The chairman of the Swiss Bankers Association says the softening of Swiss banking secrecy laws has not led to any noticeable flow of assets out of the country.This content was published on June 11, 2009 - 15:26
Pierre Mirabaud said investors had nowhere else to place their money since all countries were expected to comply with new banking standards set out by the Organisation for Economic Co-operation and Development (OECD).
Speaking before journalists in the German financial capital, Frankfurt, on Thursday, Mirabaud also called for more objectivity in the debate over tax havens.
Mirabaud's comments were directed at Germany's finance minister, Peer Steinbrück. Earlier this year, Steinbrück compared the Swiss – under pressure from the OECD to meet international standards - to Native Americans living in fear of the United States cavalry.
Steinbrück told Swiss parliamentarians at a meeting last month that he would tone down his language.

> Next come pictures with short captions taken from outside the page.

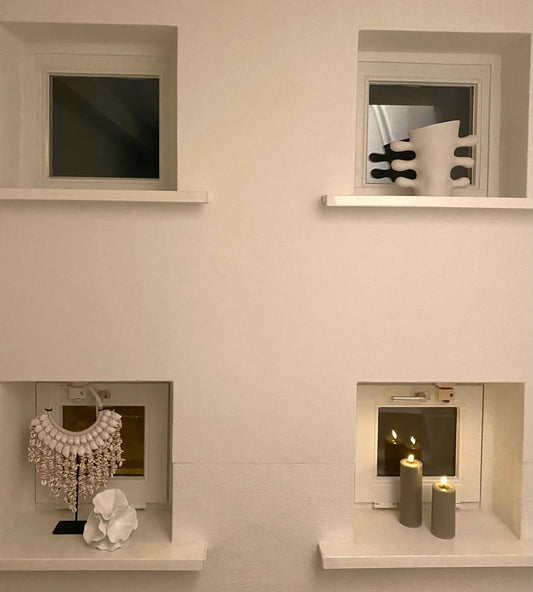 Bloomingville Pernilla vaas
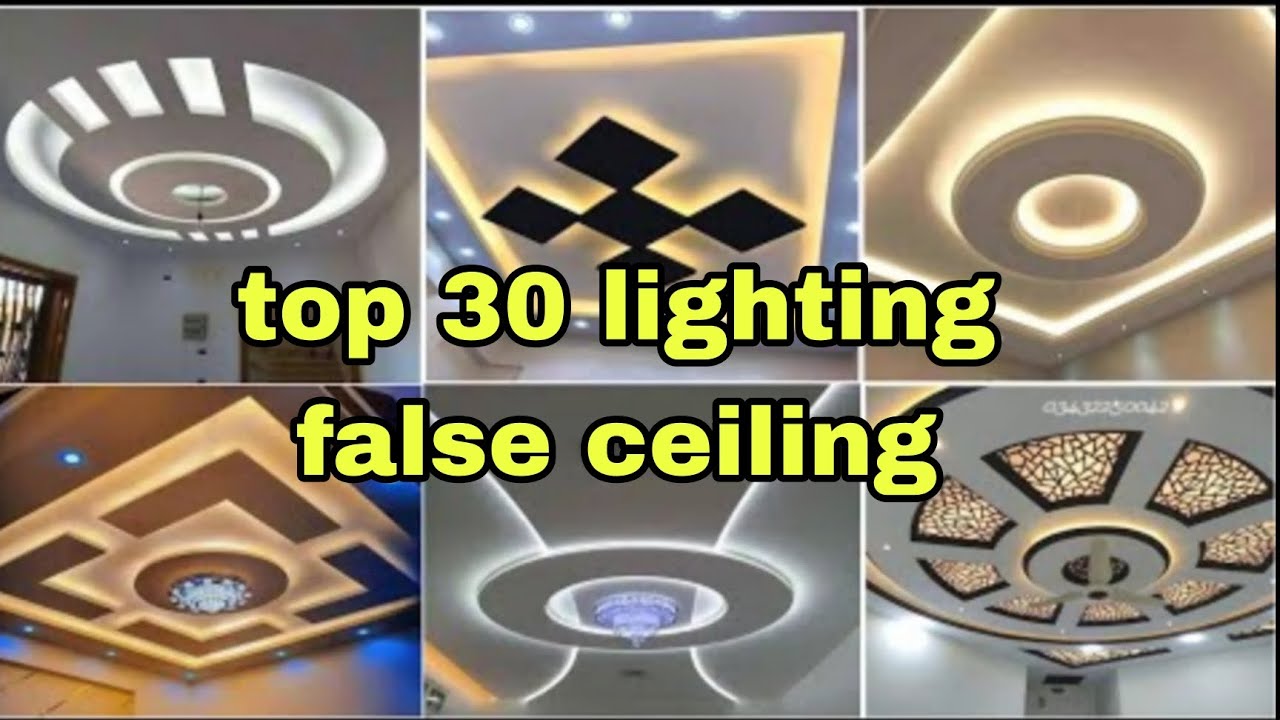 New Top 20 Modern Ceiling Light Design | Living Room Ceiling | Bedroom Ceiling | Hall Ceiling Design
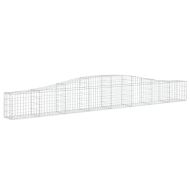 Габионни кошници арка 20 бр 400x30x40/60 см поцинковано желязо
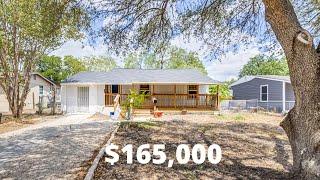 *CUTE STARTER HOME* FOR SALE IN SAN ANTONIO, TEXAS | $165,000 | 2BED | 1BATH | 720SQFT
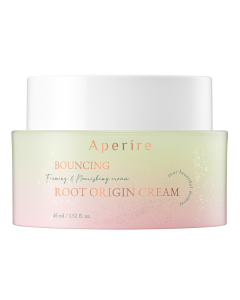 Crema de fata multitasking Bouncing Root Origin, 45 ml, Aperire 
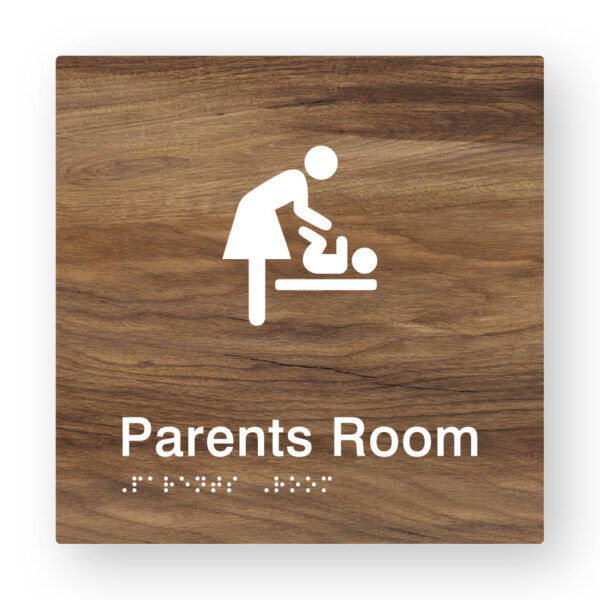 Parents Room (Changing Baby) - (SKU-BSS-PR2) Mid WDGR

The German finance minister has claimed that Germany loses more than €1 billion (SFr1.5 billion) annually through tax evasion, and therefore wants Switzerland to comply with the OECD standards.
"I'm here on a peace mission," Mirabaud said. "The Indians now expect the colonel of the cavalry to bury the hatchet and take a place at the negotiating table."
The chairman of the association, which represents more than 350 institutions, said Switzerland was ready to implement the OECD standards. However, he added that it was important that information on foreign-held accounts was only exchanged on a case-by-case basis.